Isabelita y Juan se refugiaron en una
Barcelona industrial acogedora de gentes como ellos, llegados en busca de
mejores horizontes y primero en Sarriá y luego en Santa Coloma, hicieron hogar
y futuro sin dejar de pensar en esta tierra suya siempre añorada. Todos los
veranos y celebraciones atravesaban "Renfe a través" todo el país
para reencontrarse con los suyos hasta que a finales de los ochenta, llegada la
jubilación de Juan, acarrearon con todos sus bártulos para instalarse
definitivamente en “su” Jaén. Y ahí empezó una nueva etapa en nuestra historia
en común.

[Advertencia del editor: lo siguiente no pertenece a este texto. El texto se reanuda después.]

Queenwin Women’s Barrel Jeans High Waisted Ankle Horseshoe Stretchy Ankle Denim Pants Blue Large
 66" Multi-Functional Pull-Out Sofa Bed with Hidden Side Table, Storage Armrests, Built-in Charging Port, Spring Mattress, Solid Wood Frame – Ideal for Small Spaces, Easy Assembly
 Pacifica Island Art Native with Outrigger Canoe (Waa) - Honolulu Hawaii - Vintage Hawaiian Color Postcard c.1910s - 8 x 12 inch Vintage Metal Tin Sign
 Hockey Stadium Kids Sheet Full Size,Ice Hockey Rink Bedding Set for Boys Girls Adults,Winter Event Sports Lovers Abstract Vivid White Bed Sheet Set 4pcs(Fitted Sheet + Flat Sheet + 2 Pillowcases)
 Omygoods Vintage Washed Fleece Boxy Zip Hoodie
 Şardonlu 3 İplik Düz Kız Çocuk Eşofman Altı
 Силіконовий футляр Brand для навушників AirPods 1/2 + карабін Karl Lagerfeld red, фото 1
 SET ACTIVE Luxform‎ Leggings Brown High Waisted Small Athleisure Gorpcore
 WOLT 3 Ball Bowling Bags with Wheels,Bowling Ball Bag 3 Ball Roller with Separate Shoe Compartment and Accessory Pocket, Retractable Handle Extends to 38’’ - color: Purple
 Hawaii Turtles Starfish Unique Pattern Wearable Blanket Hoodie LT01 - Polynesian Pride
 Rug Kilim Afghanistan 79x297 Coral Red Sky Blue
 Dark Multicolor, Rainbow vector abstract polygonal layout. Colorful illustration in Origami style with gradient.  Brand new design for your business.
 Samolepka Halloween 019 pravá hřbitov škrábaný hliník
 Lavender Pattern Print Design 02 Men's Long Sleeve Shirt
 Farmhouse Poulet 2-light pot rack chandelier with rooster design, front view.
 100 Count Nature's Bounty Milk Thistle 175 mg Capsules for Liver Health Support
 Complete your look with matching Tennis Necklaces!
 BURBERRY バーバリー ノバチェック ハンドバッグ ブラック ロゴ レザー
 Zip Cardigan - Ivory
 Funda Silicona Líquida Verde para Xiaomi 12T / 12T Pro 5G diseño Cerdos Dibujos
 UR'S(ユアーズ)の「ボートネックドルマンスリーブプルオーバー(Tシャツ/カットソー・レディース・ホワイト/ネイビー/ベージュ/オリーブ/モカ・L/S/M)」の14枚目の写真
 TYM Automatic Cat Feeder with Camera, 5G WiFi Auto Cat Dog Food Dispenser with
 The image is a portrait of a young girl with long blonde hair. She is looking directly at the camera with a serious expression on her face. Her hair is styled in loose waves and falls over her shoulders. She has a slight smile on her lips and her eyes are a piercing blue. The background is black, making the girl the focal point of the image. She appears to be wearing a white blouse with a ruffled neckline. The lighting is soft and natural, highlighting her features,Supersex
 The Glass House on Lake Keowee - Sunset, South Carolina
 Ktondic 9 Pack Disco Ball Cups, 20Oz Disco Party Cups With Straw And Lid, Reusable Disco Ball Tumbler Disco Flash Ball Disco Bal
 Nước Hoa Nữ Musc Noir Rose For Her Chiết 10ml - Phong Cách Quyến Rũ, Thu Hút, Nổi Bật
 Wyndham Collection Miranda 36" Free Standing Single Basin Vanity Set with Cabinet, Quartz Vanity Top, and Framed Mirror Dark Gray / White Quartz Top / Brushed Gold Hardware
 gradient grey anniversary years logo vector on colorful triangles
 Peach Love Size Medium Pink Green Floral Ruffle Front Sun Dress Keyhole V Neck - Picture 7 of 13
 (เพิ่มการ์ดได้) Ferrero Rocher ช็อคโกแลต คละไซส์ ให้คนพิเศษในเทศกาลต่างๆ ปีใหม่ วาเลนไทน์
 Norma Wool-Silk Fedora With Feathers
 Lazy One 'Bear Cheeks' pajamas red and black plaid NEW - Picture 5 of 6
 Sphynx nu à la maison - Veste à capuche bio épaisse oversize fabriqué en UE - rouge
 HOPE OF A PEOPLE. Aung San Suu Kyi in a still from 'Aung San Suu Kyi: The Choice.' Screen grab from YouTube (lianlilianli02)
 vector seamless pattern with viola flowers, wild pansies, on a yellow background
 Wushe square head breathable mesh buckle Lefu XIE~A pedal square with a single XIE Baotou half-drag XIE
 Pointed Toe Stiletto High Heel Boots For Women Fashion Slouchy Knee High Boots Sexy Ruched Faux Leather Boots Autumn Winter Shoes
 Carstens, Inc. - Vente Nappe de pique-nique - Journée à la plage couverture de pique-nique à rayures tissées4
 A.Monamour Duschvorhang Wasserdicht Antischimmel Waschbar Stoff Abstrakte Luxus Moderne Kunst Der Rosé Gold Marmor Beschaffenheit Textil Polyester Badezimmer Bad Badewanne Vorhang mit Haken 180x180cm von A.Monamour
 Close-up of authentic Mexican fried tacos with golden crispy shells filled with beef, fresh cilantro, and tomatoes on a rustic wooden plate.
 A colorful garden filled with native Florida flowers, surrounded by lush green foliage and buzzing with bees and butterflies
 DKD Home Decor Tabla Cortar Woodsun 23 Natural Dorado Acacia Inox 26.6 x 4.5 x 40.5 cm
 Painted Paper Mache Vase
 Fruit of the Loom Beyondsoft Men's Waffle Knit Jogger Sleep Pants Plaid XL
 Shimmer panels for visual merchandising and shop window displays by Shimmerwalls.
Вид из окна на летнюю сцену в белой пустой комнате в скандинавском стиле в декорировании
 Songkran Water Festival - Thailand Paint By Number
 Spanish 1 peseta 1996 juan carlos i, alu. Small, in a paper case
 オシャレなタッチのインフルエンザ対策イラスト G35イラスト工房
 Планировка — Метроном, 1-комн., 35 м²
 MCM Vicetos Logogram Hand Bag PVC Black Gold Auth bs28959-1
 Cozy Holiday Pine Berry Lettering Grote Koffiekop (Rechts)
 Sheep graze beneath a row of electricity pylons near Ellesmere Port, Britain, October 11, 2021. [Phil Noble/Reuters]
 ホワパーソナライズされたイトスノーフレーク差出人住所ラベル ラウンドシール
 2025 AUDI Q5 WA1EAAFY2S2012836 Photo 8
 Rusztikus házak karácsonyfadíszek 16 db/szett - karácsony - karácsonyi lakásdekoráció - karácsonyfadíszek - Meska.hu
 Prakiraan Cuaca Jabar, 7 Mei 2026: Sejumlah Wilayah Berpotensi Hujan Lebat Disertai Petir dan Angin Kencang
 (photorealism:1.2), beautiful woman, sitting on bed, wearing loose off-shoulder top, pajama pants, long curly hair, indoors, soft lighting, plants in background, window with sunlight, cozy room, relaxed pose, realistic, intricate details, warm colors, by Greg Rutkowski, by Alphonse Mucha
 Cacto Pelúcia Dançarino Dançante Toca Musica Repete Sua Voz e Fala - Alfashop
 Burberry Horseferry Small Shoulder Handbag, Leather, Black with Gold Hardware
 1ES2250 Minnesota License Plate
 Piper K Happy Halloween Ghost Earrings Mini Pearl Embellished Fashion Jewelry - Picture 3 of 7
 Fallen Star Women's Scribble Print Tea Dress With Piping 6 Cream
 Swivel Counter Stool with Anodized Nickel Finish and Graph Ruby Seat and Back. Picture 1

Una relación íntima, intensa e inmensa que sufrió un golpe con la
marcha de Juan hace unos años (2.002) y que intensificó aun más la unión con
Isabelita. Se fueron también sus amigas de Santa Coloma con las que mantuvo la
amistad por encima de la distancia a base de teléfono y de aquellas cartas que
transportaban entonces sentimientos en lugar de facturas. Se fue perdiendo su
universo conocido pero se abrió un inconmensurable espacio sideral en el que
ella vivía rodeada de esa magia en la que los recuerdos son tan vivos que
parecen regresar a tu lado. Sus padres, su marido, sus niños, iban y venían del
más allá al más acá en un intercambio fluido de cariño y amor y le empujaban a
mantenerse a flote en un mar en el que a ella le asustaba mucho sentirse
naufragar. Isabelita cayó un día por la escalera quizá en busca de alguien que
pareció llamarla. Su cadera primero y todo su cuerpo después no resistieron el
envite y su alegría se fue apagando como la llama que ya no tiene cera en la
que prender. Isabelita se fue finalmente a ese escenario para el que llevaba
algún tiempo atesorando la "entrada". Y nos dejó con la congoja puesta,
con el espíritu retorcido, con la constancia de que el verso de Manrique es tan
real como la vida, o quizá como la muerte misma.
Claro que quizá, ese cuerpo tranquilo entre
tules blancos no era Isabelita, solo su pálido reflejo. Ella era algo distinto.
Sus ojos no se han podido apagar de ese modo. Brillan aun. Lo sé. Y su sonrisa
franca sigue flotando también sobre el oxígeno que respiramos. Noto todavía el
tacto de su piel cansada sobre mis manos y me parece que podría acariciar su
pelo coquetamente virado en chocolate. Apenas quedaba espacio en su calendario
para el noventa cumpleaños. Apenas un suspiro más y hubiéramos celebrado una
vuelta más de las manecillas de su vida. Pero el mecanismo decidió fallar.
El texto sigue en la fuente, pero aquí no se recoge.